[[ Data for this task, beginning ]]

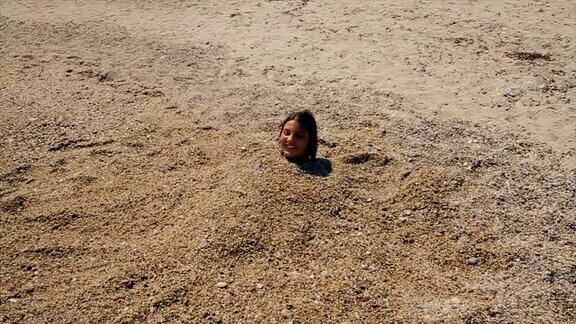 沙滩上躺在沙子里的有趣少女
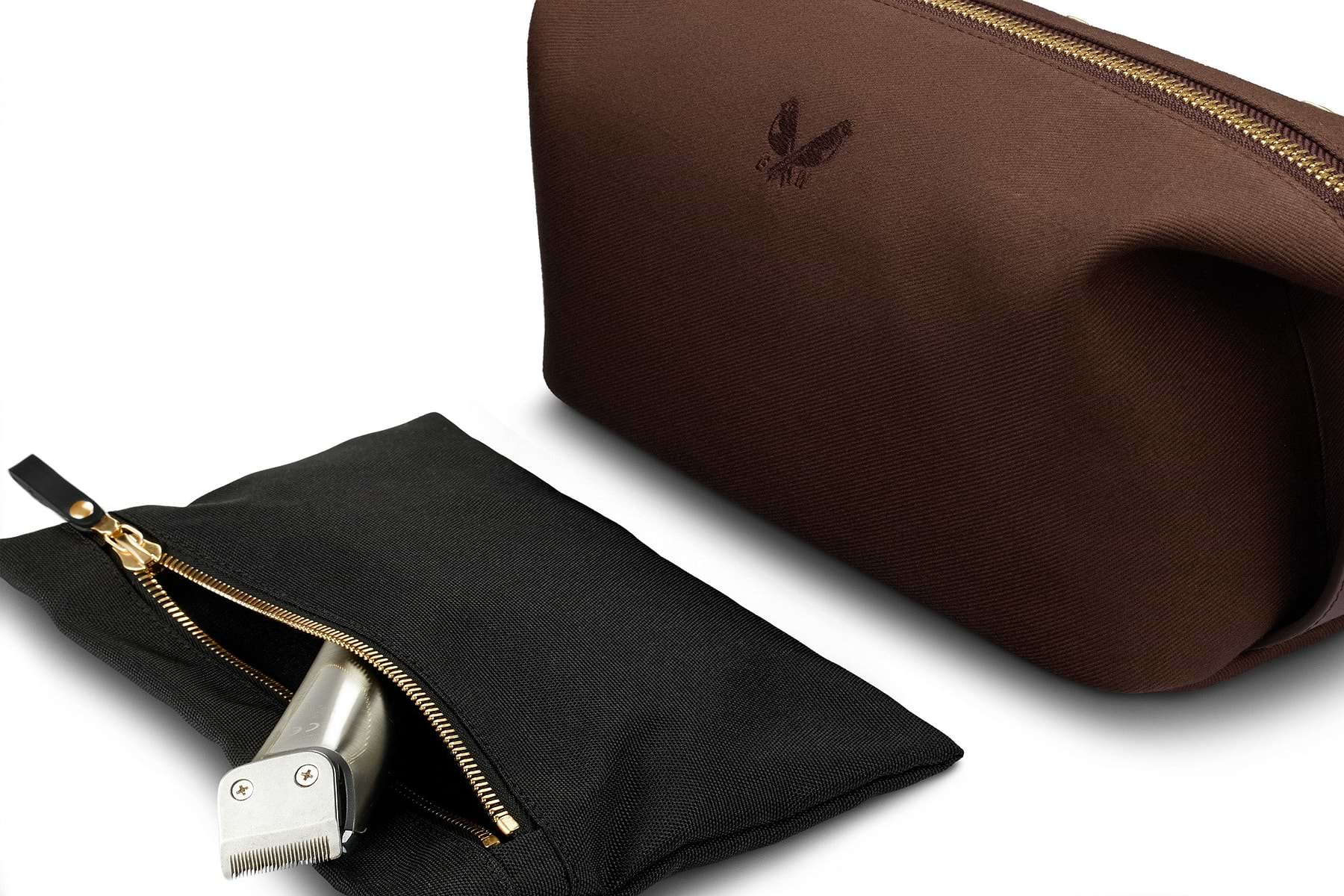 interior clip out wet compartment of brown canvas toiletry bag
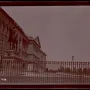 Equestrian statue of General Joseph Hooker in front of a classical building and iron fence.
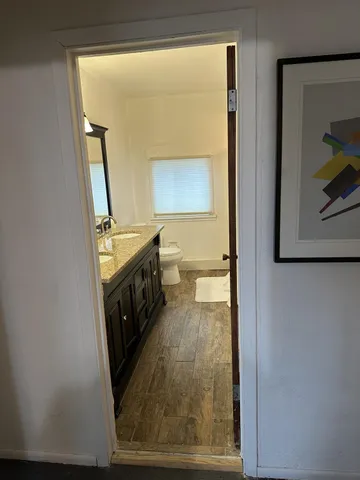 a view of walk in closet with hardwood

[[ Data for this task, end ]]
[[ Data for this task, beginning ]]

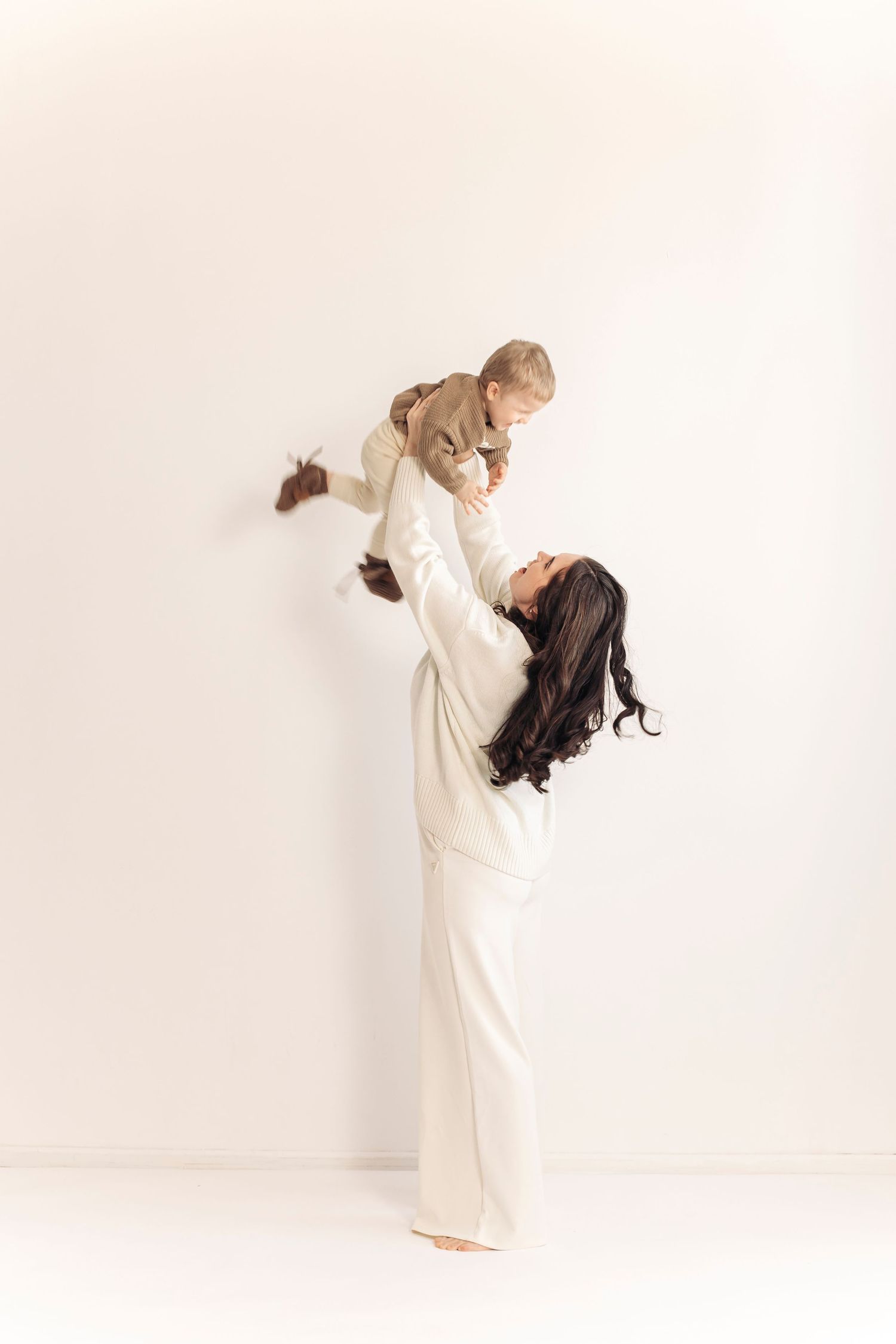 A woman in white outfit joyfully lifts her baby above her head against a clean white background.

[[ Data for this task, end ]]

• Problem:
Between and including the line above that contains "沙滩上躺在沙子里的有趣少女" and the line that contains "a view of walk in closet with hardwood", restate every line word for word. Pictures stay out.

• Result of the exercise:
 沙滩上躺在沙子里的有趣少女
 interior clip out wet compartment of brown canvas toiletry bag
 Equestrian statue of General Joseph Hooker in front of a classical building and iron fence.
 a view of walk in closet with hardwood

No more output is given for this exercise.